Previous artificial grammar learning studies have addressed the role of phonetic naturalness in phonological learning with mixed results (Koo & Cole, 2006; Moreton, 2008; Peperkamp, Skoruppa, & Dupoux, 2006; Pycha, et al., 2003; Schane, Tranel, & Lane, 1974; Seidl & Buckley, 2005; Wilson, 2006). For example, infants in Seidl and Buckley’s (2005) study did not show any benefit for naturalness in learning. Infants in both the natural and the unnatural conditions showed a novelty preference for items that differed from the pattern they were exposed to, and there were no significant differences between conditions. Peperkamp and Dupoux (2007) found a similar result in adult learners. In a phonological rule learning task, participants showed learning for both phonetically grounded and phonetically unnatural patterns. These results support a view that learners do not share biases towards phonetically natural patterns, as the unnatural patterns were learnable in all cases. However, there are two possible alternative explanations for these results. First, it is possible that the participants learned the natural pattern faster than the unnatural pattern, but because learners were only tested at a stage when both patterns were learned, the differences were not detectable at the time of testing. Schane et al. (1974) found that when learners were tested at two stages of exposure, learners of a natural rule performed better at the first stage of exposure but not the second. This suggests that biases may appear early in training, but disappear after a sufficient amount of exposure. Second, it is possible that some phonological patterns may be more subject to naturalness constraints than others. For example, Pycha et al. (2003) found no learning differences between a harmony pattern and (a less natural) disharmony pattern. However, when learners were given an arbitrary agreement pattern (in which there was no phonetic feature determining the relationship between the harmonic suffix and the triggering vowel), learners failed to perform above chance on test items, suggesting that different levels of naturalness may have varying effects on learnability.
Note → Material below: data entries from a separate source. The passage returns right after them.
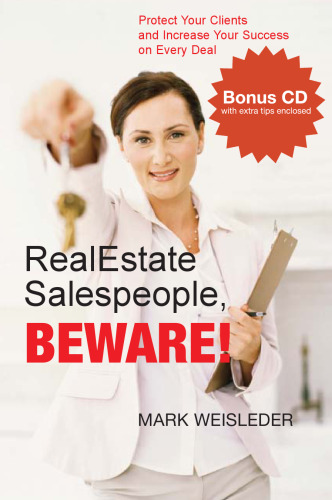 Real Estate Salespeople, Beware!: Protect Your Deals and Increase Your Success on Every Deal
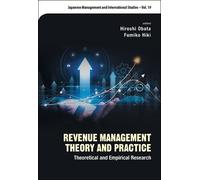 Hiroshi Obata REVENUE MANAGEMENT THEORY AND PRACTICE: THEORET (Copertina rigida)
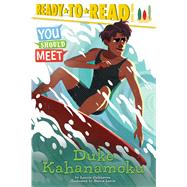 Duke Kahanamoku Ready-to-Read Level 3 by Calkhoven, Laurie; Lewis, Stevie, 9781481497015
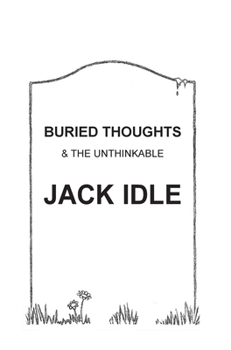 Hardcover BURIED THOUGHTS & The Unthinkable Book
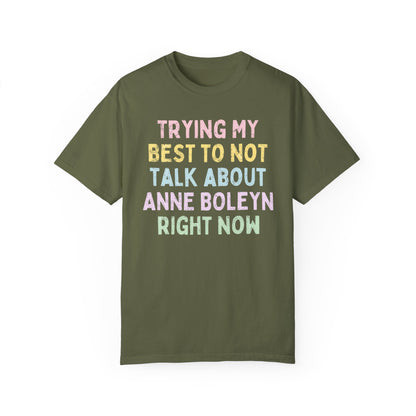 Talk About Anne Boleyn T-Shirt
Pycha et al.’s (2003) results support the notion that more complex phonological patterns may be more difficult to learn than simple phonological patterns. A pattern based on natural classes can be described with fewer rules and constraints than an arbitrary pattern. Along these lines, Peperkamp et al. (2006) found that adult participants are more likely to learn a phonotactic pattern that makes use of natural classes than an arbitrary pattern. In addition, Moreton (2008) found superior learning of a cross-linguistically common vowel height dependency compared to a cross-linguistically rare dependency between vowel height and consonant voicing This difference can be explained in terms of complexity; vowel height patterns only require a representation of vowel features, while consonant-vowel interactions involve representations of both vowel and consonant features.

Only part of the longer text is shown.